NB. Pas plus que n'y est favorable le passage de la fonction publique à la sphère politique, pour accéder ensuite à des activités de business et d'essayer de faire fortune.

 

Les débats sur les choix de société, sur la politique financière, économique et sociale étant sans objet de par le texte des traités, les électeurs sont en réalité invités à attribuer les (anciens) postes de représentants en fonction des « petites phrases », des chausses trappes que les uns placent sous les pieds des autres, du comportement gestuel des uns ou des amours des autres, des résultats de sondages qui incitent à se porter vers celui qui est donné gagnant ou perdant, ou des émissions de télévision qui distribuent la parole de manière sélective aux « experts » ou exhibent tel candidat ou telle candidate de manière, dans une deuxième phase, à lui faire jouer le rôle de repoussoir au profit d’un candidat tiers. La question vue du candidat peut se résumer ainsi : puisqu’il n’y a plus matière à proposer, il reste à manipuler.

 

Tout cela fonctionne encore très bien parce que les électeurs sont entretenus dans l’idée qu’ils décident, comme dans le passé, par leur bulletin de vote (alors que les décisions ont été prises une fois pour toutes dans les traités) ou qu’ils désignent des « représentants » (alors qu’ils désignent des « exécutants »). Avec l’argument que les traités ont été adoptés (ce qui ne veut pas dire « voulus ») par les électeurs ou par leurs représentants. Alors que les textes n’ont pas été lus par grand monde et que leur contenu technique a été occulté ou caché par la majorité de la classe politique – quand ses membres ont été lecteurs- . Et avec cet autre argument selon lequel il est / serait possible de sortir des traités. Alors que cette sortie dépend de (la majorité de) la classe politique et que cette dernière – toutes tendances confondues- ne le veut pas, ainsi d’ailleurs qu’elle l’a prouvé quand elle a adopté le texte du traité de Lisbonne dont le contenu avait été rejeté peu de temps auparavant par référendum. Ainsi, les apparences de la démocratie y sont. Les réalités (pesanteurs, manipulations de l’opinion publique, intérêts en cause, réseaux et groupes de pression) font que la remise en cause de l’existant, avec la mécanique des règles constitutionnelles, n’est matériellement pas possible.

 

Alors … ?

 

Dès lors que le système ne peut être réformé que par ceux qui sont en place, c’est à dire ceux qui profitent en dernière analyse du système, on ne voit pas comment ce dernier peut changer. On ne voit pas comment on peut sortir du piège des traités (OMC, Lisbonne) et des mécaniques (financement par l’emprunt avec la soumission aux volontés des prêteurs qui s’expriment de diverses manières et qui vont dans le même sens en Europe comme en Afrique) qui ont transféré le pouvoir de décision des organes de l’Etat vers la nébuleuse économico-financière.

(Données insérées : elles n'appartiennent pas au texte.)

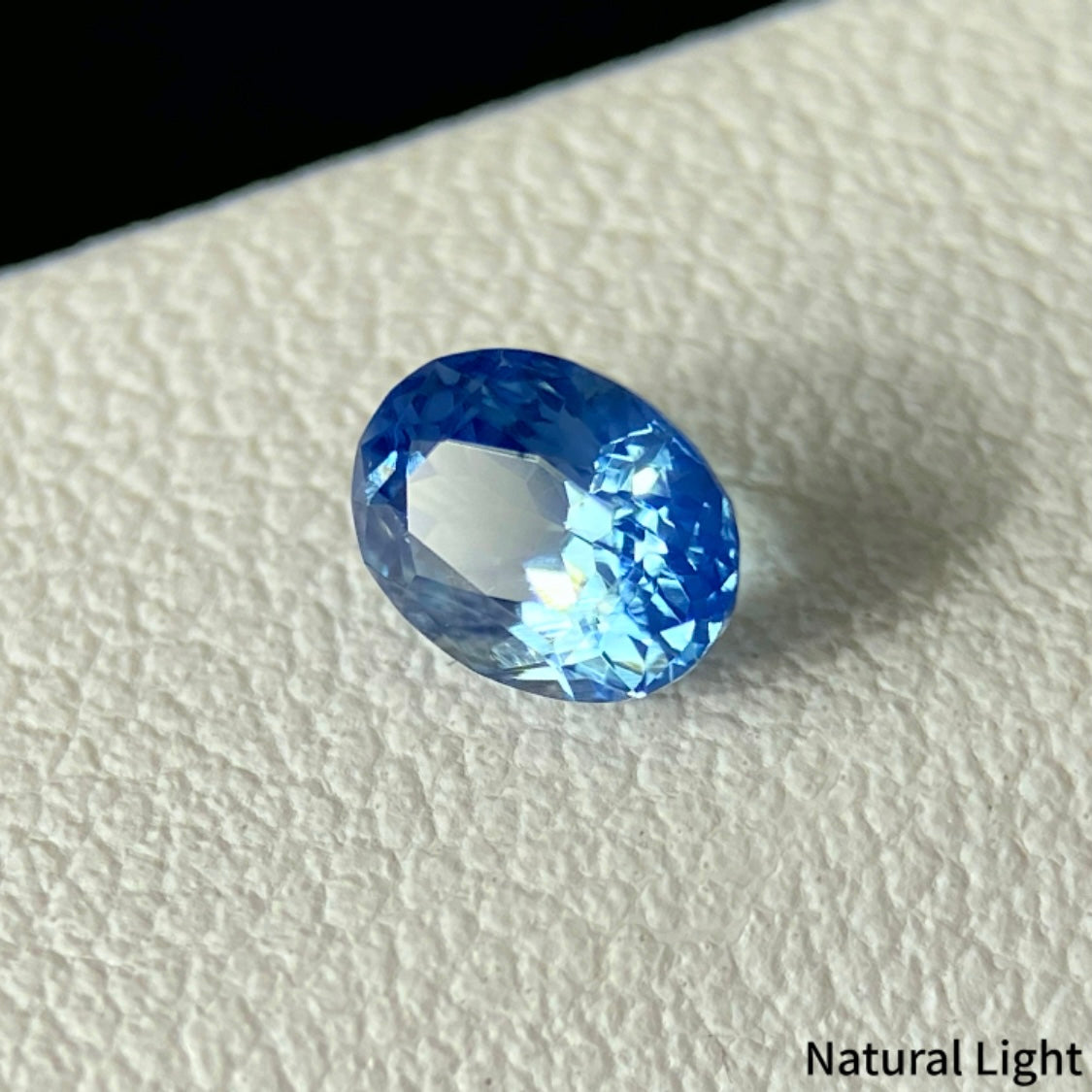 Silky Greenish Blue Sapphire 0.56ct / Ethiopia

On ne sait ni comment, ni à quel moment, ni à l’occasion de quel fait catalyseur, se constituera un nouveau rapport de force, qui « balayera » l’ordre actuel. C’est à dire qui imposera le choix à certains individus de se soumettre ou de disparaître. Et qui permettra de revenir au fonctionnement normal de la démocratie, avec des élus non associés es qualité au business, qui se sentiront obligés de représenter la population et de veiller au droit au bonheur qui est un droit fondamental, même s’il n’est pas écrit dans nos déclarations de droits (mais qui figure dans la déclaration d’indépendance des Etats-Unis).

 

Marcel-M. MONIN

m. conf. hon. des universités

docteur d’Etat en droit.

secrétaire général de l’Université Technologique du Développement.